We should note, in terms of time and space, that the dogs aren’t just dogs. They’re wirehaired pointing griffons, cheerful and gigantic hunting dogs that, in lieu of hunting, are burly, slobbering socializers, adding to the logistical demands of parenthood—one of the reasons why, when we spoke, and when her home team included two children under two, she was momentarily drinking coffee, a slight embarrassment.
“I’m from the South, so I’m an iced tea drinker,” she lamented. “I don’t want to rely on coffee!” Coffee, for Emily, was way back in college, in the early 2010s, when late-night caffeine pushed her through her first men’s clothing ideas that, a few years later, became her Lower East Side–apartment–based Bode. That story is now ancient history: In 2016 she set about simultaneously exploring the family traditions that inspired her—her roots are in New England as well as the area of the Piedmont region better known as Atlanta—and the historic American craft traditions that fascinated her, eventually working in collaboration with her now husband and business partner, Aaron Aujla.

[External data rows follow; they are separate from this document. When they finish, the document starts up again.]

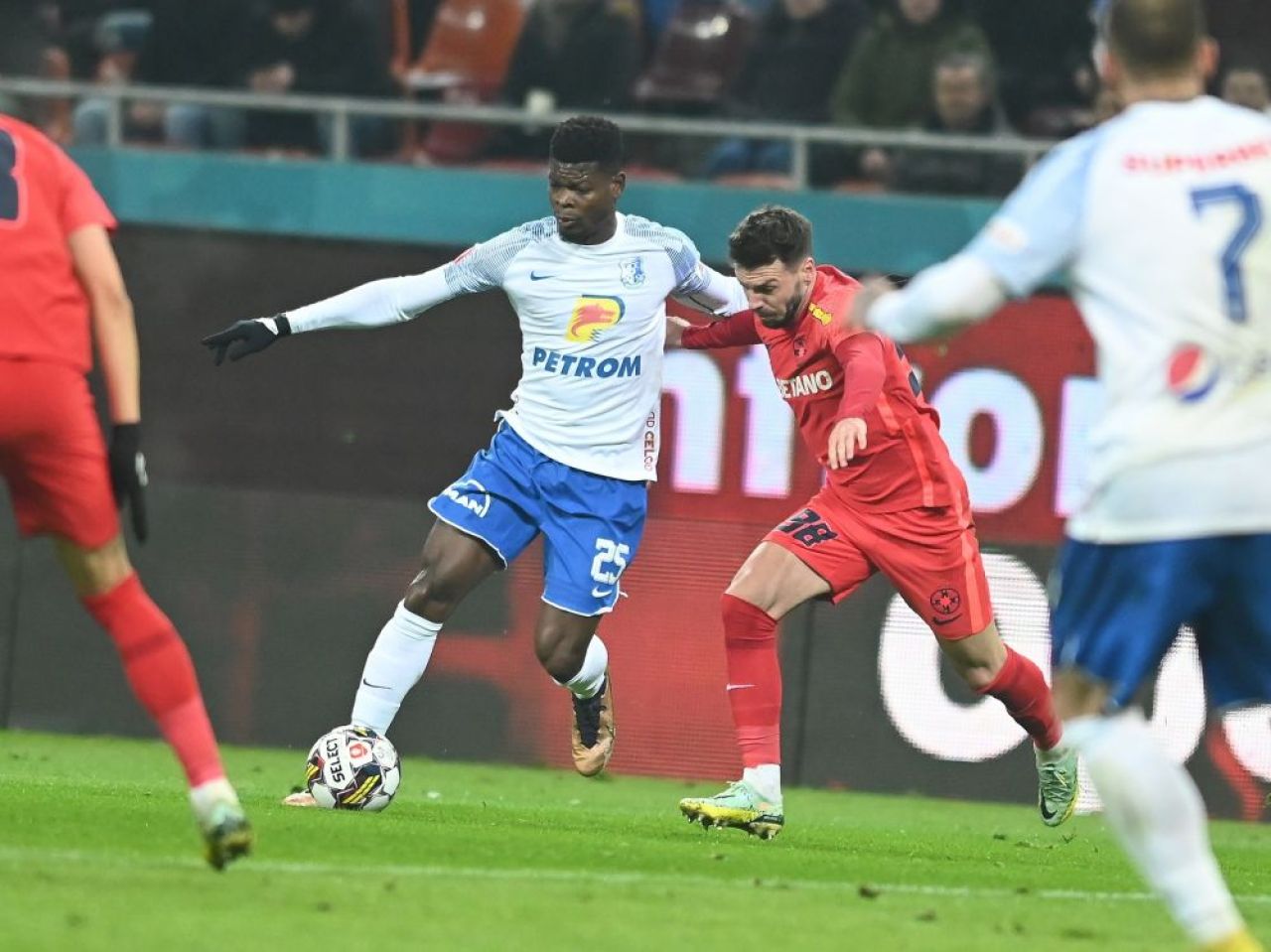 Cadoul primit de Gică Hagi după victoria dramatică de pe Arena Națională_6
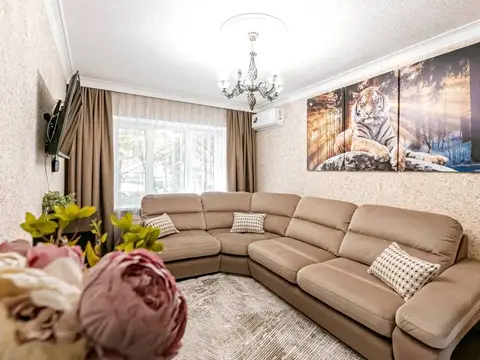 2-комн. на Широкой улице, 45 м² — квартира посуточно в Кисловодске, ул. Широкая, д. 24, кв. 6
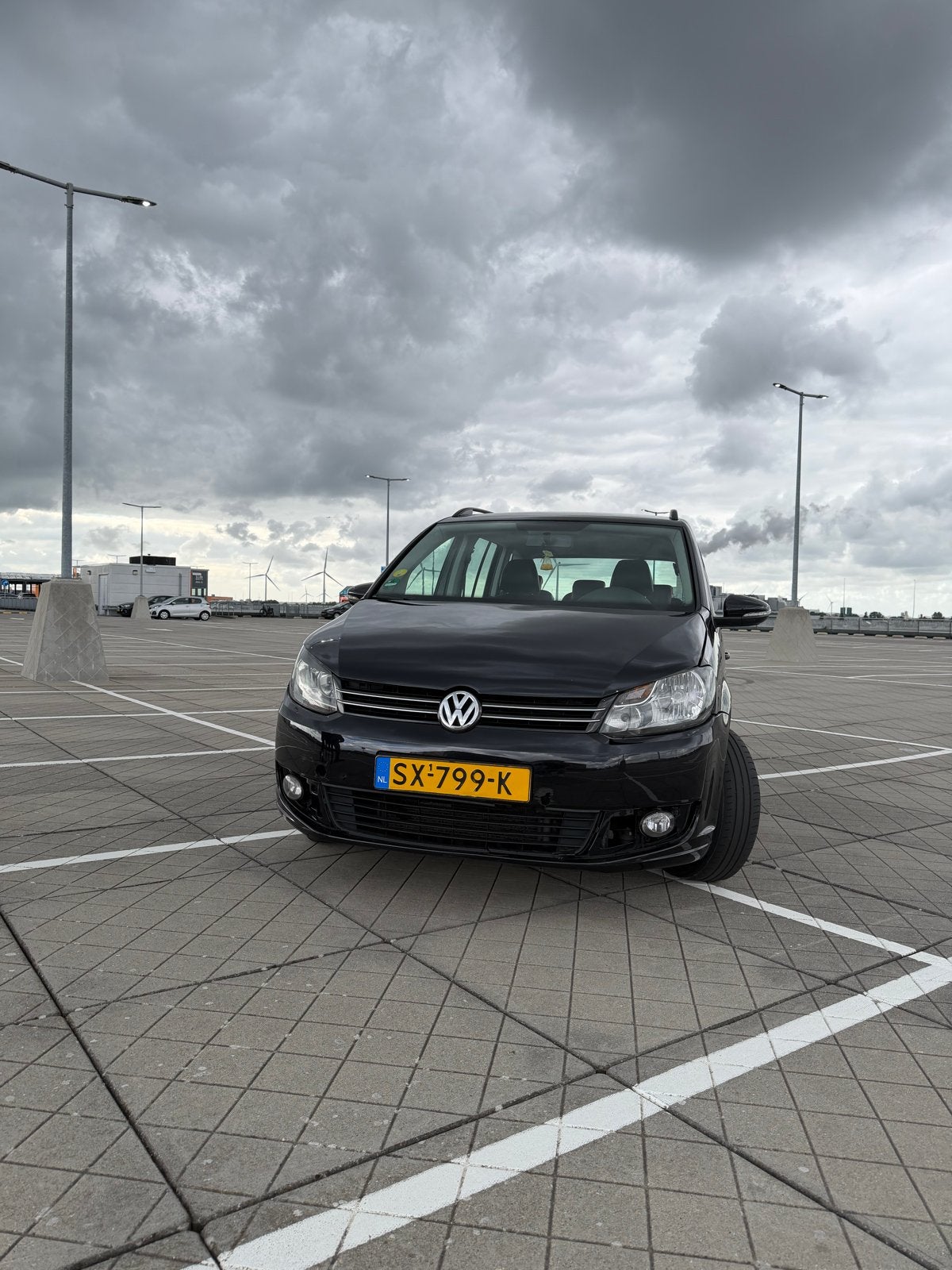 Volkswagen 2011 Zwart, Auto's, 7 stoelen, Zwart, 1485 kg, Diesel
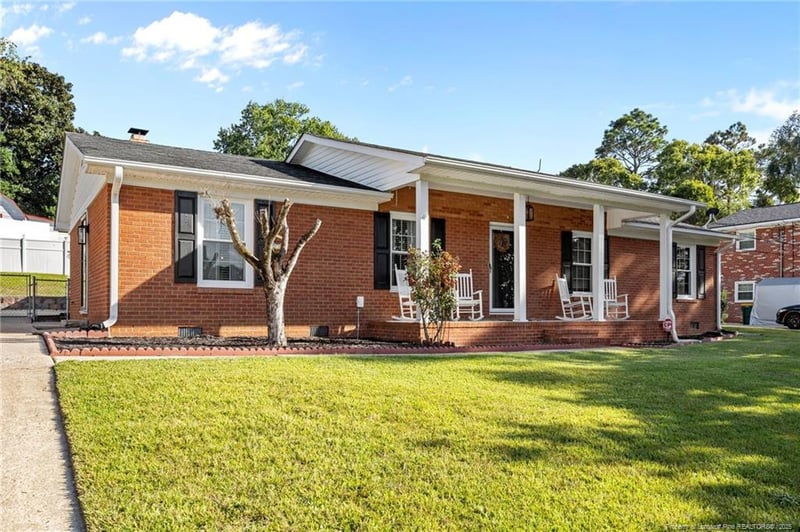 4950 Pinewood Dr, Hope Mills, NC 28348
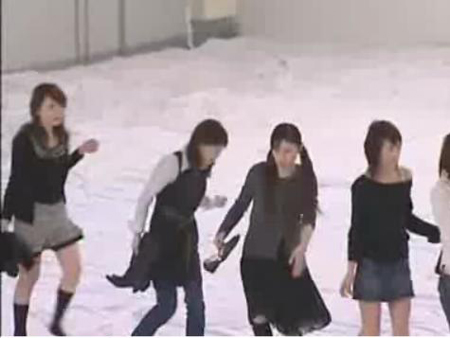 德国大规模性侵案(组图)日本惊现500男女集体性爱大作战!▏集体性爱 作案 视频 女青年 男女 德国媒体 科隆大教堂 抢劫 青年男子 盗窃犯罪_社会新闻_南方网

As husband and wife have brought on two kids and accompanying griffons (the first one a gift from Emily’s mom, the second one their idea, believe it or not)—as she fought the naysayers who advised against making shirts with vintage quilts or pants cut from gorgeous deadstock fabrics or decorated with, say, buttons discovered in a closed-up Midwestern warehouse—the family business has grown alongside the family: Bode has become a global brand with an ever-growing list of stores in the US and overseas.
On a visit to their house not long after they moved in, I asked Emily to reflect on how things had changed from only a few years back, when the world was wondering if she’d ever launch a women’s collection—until she showed reimagined bolero jackets and gowns and sheer dresses that segued between past and present. At the time, she and Aaron had just opened up an LA store (there are now also two in New York and one in Paris) and gotten married in the Connecticut country house that Aujla had only just renovated with Benjamin Bloomstein, Aujla’s partner in Green River Project, the interior design firm and furniture maker. And when she looks back, she is almost surprised. “What’s wildly changed is that now we’re venturing into different parts of the world in a way that we had never done before, at the same time that we’re getting our feet even more grounded here,” she says. “It’s kind of like this bizarre juxtaposition, right? We’re growing our nuclear family here, but our fingers are going into different parts of the world.”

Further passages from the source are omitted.